In some embodiments of a fiber-optic bundle, packing segments may comprise fiber elements on a regular grid (e.g., a hexagonal or square grid), but where one or more grid elements are omitted. Elements may be omitted, for instance, due to the use of assembly fixturing intended to improve the positioning accuracy of the fiber elements, which make up the fiber-optic bundle, relative to the emitter and receiver arrays and also to the coupling optics.

Desirable attributes for fiber-optic bundles may include: (1) accurate positioning of each fiber element relative to some desired grid, or accurate positioning of ends of each fiber element relative to the desired grid; (2) high packing density of fiber elements, typically defined as the fraction of the fiber-optic bundle end face area occupied by fiber elements; (3) robustness over various environmental conditions and time; and (4) low cost.

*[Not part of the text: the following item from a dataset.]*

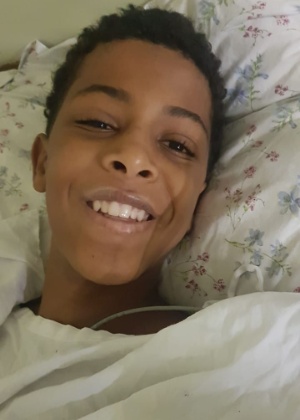 1.ago.2018 - Bryan Bispo da Silva, 14, se recupera após ser baleado em comunidade perto da Rocinha - Arquivo Pessoal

In some embodiments, as indicated above, circular cross-section fiber elements of uniform diameter may be packed in a square grid or a hexagonal close-packed (HCP) grid configuration with adjacent fiber elements being in contact with each other; this configuration with adjacent fiber elements touching may be referred to as “tight-packed”. In real fiber-optic bundles, there is some variance in the fiber element diameters even if all fiber elements have the same nominal diameters. When such fiber elements are assembled into a tight-packed fiber-optic bundle (e.g., in a square or HCP grid configuration), the variance in the individual fiber element diameters may result in the positions of fiber elements having errors relative to their ideal desired positions, with this fiber element positioning error increasing as the number of elements in the bundle increases. This fiber element positioning error is undesirable because it increases losses in coupling to arrays of optical emitters and detectors, and in fiber-optic connectors where one fiber-optic bundle is connected to another.

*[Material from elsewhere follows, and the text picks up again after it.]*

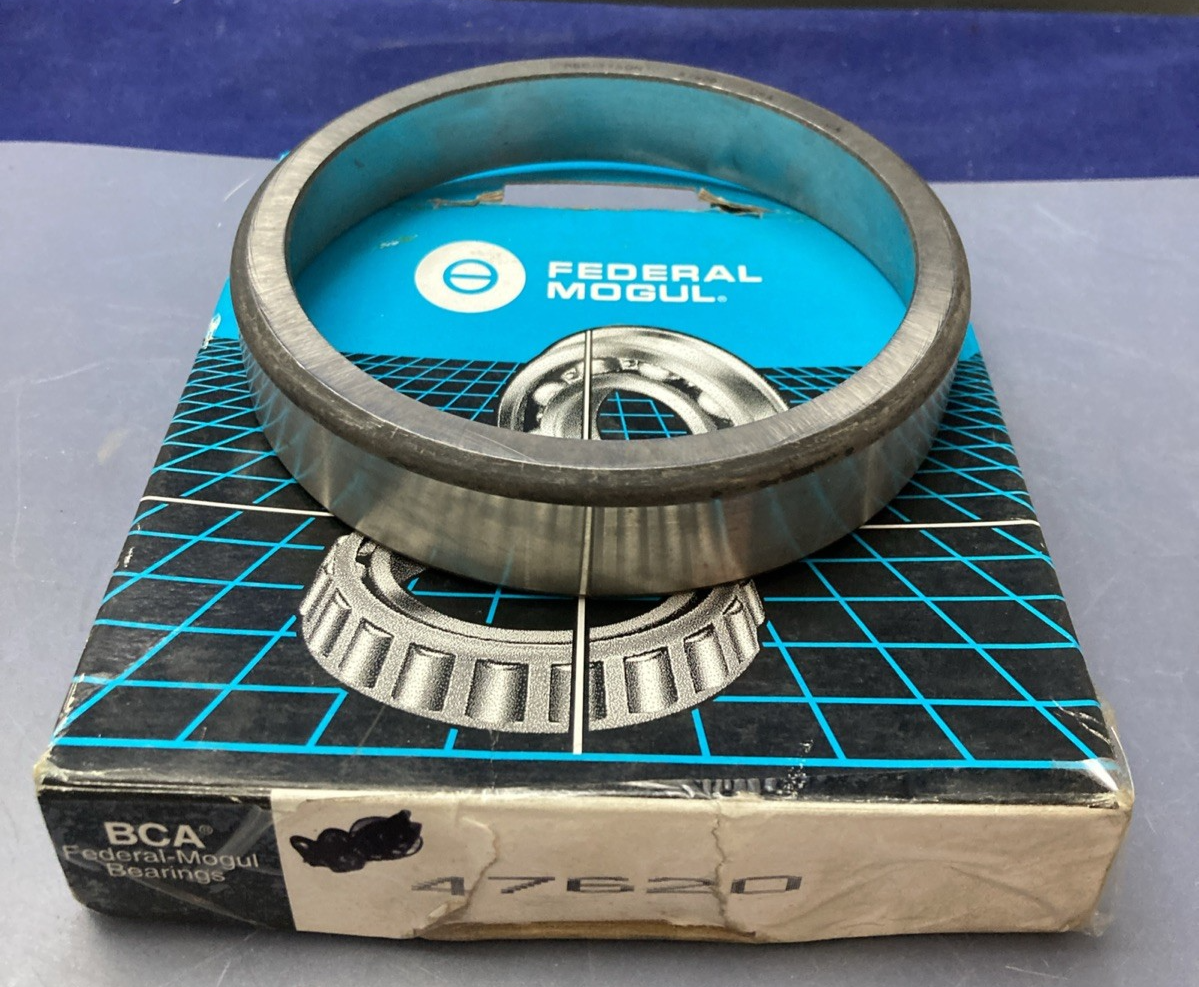 NEW GENUINE FEDERAL MOGUL 47620 BEARING RING CUP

A large number of fiber elements may be packed together in a fiber-optic bundle. In some embodiments, the fiber elements may be packed together only in certain “packing segments” along the length of the fiber-optic bundle, e.g. at the fiber-optic bundle end faces, with the fiber elements being allowed to float loosely between those packing segments. FIG. 4 illustrates an example fiber bundle with packing segments about ends of the fiber-optic bundle. In FIG. 4, a fiber-optic bundle 413 includes a plurality of optical fibers. Optical fibers at opposing ends 411a, 411b of the fiber-optic bundle are held closely together. In some embodiments the optical fibers at the opposing ends may be held closely together by a ferrule, for example, or some other structure to hold the optical fibers packet together in a fixed arrangement. In some embodiments, the fiber elements may be packed along the entire length of the fiber-optic bundle, i.e., the fiber-optic bundle comprises a single extended packing segment. In the sections of fiber-optic bundles between packing segments in which the fiber elements float loosely, the fiber-optic bundle may be be bent with a much smaller radius than in the packing segments because the bending radius is limited by diameter of individual fiber elements rather than by the diameter of the entire fiber-optic bundle. By contrast, the bend radius in packing segments may be limited by the diameter of the entire fiber-optic bundle, which is typically many times larger than the diameter of individual fiber elements.

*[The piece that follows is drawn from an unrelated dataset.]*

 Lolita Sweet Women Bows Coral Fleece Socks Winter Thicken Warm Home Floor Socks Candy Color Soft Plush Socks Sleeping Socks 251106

In some embodiments, fiber elements are assembled into a fiber-optic bundle using precision fixturing that defines the outer dimensions of the fiber-optic bundle very precisely defined by the fixturing. In some embodiments, the precision fixturing may have a cross-sectional opening in the middle of its body where fiber elements are inserted within such opening to form into a specific packing grid, such as a square or HCP grid configuration. Consequently, the cross-sectional opening may be square or hexagonal shaped. In some embodiments, after the fiber elements are assembled in the desired manner, the fiber elements may be permanently affixed to each other, for example using an adhesive.

In some embodiments, the precision fixturing may come in multiple parts. FIG. 5A illustrates a cross-section of a precision fixturing holding a plurality of fiber elements. In some embodiments, and as illustrated in FIG. 5, a body of the precision fixturing may be divided into two parts along the cross-sectional opening so as to have a top fixture component 515 and a bottom fixture component 513. In some embodiments, the top fixture component and the bottom fixture component may be symmetric to each other and each may define a half of a cross-sectional opening. Optical fibers of a fiber bundle 511 extend through the opening. The size of the cross-sectional opening may be set to tightly pack a predetermined number of optical fibers of a known diameter, or of a known average diameter. In some embodiments, the fiber elements that make up a fiber-optic bundle may be sorted by size such that they are assembled into a fiber-optic bundle in a way that minimizes fiber element positioning error. For instance, fiber elements in a fiber-optic bundle may be selected such that, if a first fiber element has a diameter larger than the ideal nominal value, an adjacent second fiber element has a diameter smaller than the ideal value such that the mean of the diameters of the first fiber element and second fiber element is close to the nominal value.

In some embodiments, the top fixture component may be separated from the bottom fixture component to allow for a more convenient placement of the fiber elements in the cross-sectional opening for packing into a desired grid configuration of a fiber-optic bundle, with the top fixture component brought close to or in contact with the bottom fixture component after the fiber elements are positioned in or about the opening.

In some embodiments, and as illustrated in FIG. 5A, there may exist one or more alignment pins, for example two alignment pins, e.g., alignment pin 517, between the contact surfaces of the top and the bottom fixture components. In some embodiments, the alignment pins may accurately align the top and bottom fixture components together to ensure the cross-sectional opening has the correct shape to form the fiber-optic bundles into the correct fiber-optic bundle grid configuration. In some embodiments, the precision fixturing may stay attached to the ends of the fiber bundle after the formation of the fiber-optic bundle. In such case, the alignment pins may be used to align and couple the ends of the fiber-optic bundle with the emitter and detector arrays, the coupling optics, or another fiber-optic bundle.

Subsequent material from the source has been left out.